Tuesday, March 25, 2025
SINCE WE FELL by Dennis Lehane
Rachel is a TV journalist who wants to find out who her father is. Her mother has died and has always refused to divulge his identity. Then Rachel’s career and her marriage take a nosedive after she has an on-air panic attack in Haiti. We know from the prologue that Rachel will shoot her husband but apparently not her first husband. Her second husband is Brian, a former private detective whom Rachel had tried to hire to find her father. After the Haiti fiasco, Rachel becomes increasingly reclusive and rarely ventures outside her home, but Brian encourages her to face her fears. Except for the violent prologue, we would wonder if Lehane has moved from thrillers to character studies, and with a rare female protagonist to boot. Then Rachel discovers that Brian may be leading a double life, and the real action begins, in more or less typical Lehane fashion, with lots of twists and turns. One reviewer suggested that the author wrote this book with a movie deal in mind, but I can’t complain.
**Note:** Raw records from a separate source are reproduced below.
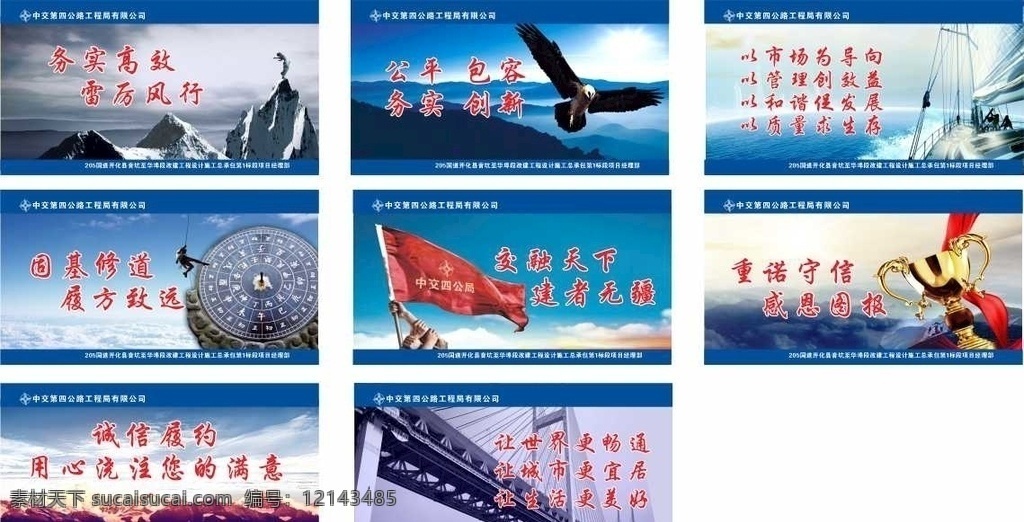 中交圍擋 中交建筑 地產(chǎn)圍擋 圍擋廣告 展板 企業(yè)展板 建筑展板 安全標(biāo)語(yǔ)展板 藍(lán)色背景展板 照片墻展板 建筑業(yè)展板 廣告素材 展板模板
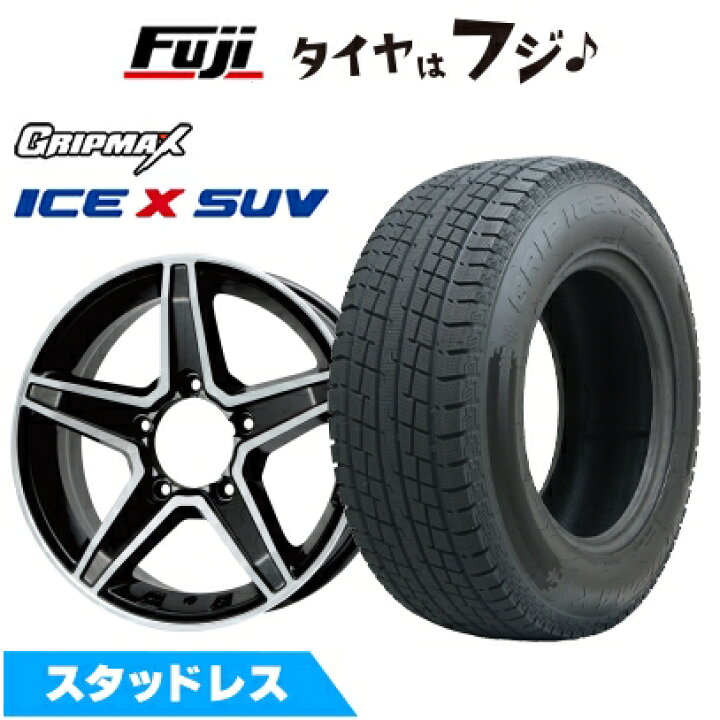 楽天市場】【新品】ジムニー スタッドレスタイヤ ホイール4本セット 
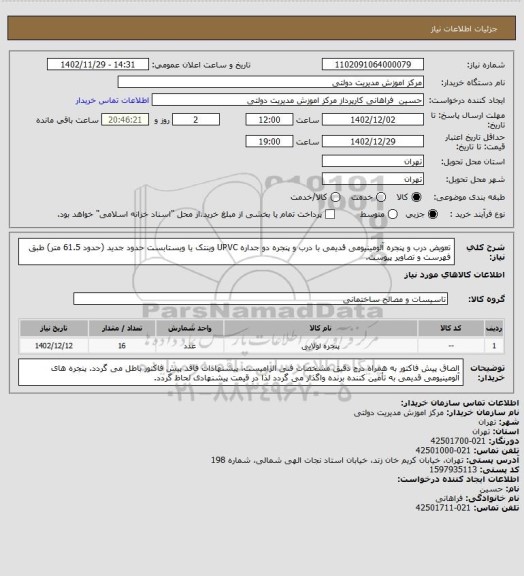 استعلام تعویض درب و پنجره آلومینیومی قدیمی با درب و پنجره دو جداره UPVC وینتک یا ویستابست حدود جدید (حدود 61.5 متر) طبق فهرست و تصاویر پیوست.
I will want to see the movie, too.
Monday, March 24, 2025
MOONLIGHT MILE by Dennis Lehane
This novel may lack some of Lehane’s usual bite, but, hey,
it’s the last of the Angela Gennaro/Patrick Kenzie novels, and I’m willing to
cut the author some slack. Angie and
Patrick are now married with a four-year-old daughter, when the girl from Gone,
Baby, Gone reenters the picture, or not, as she has actually
gone missing again more than a decade later.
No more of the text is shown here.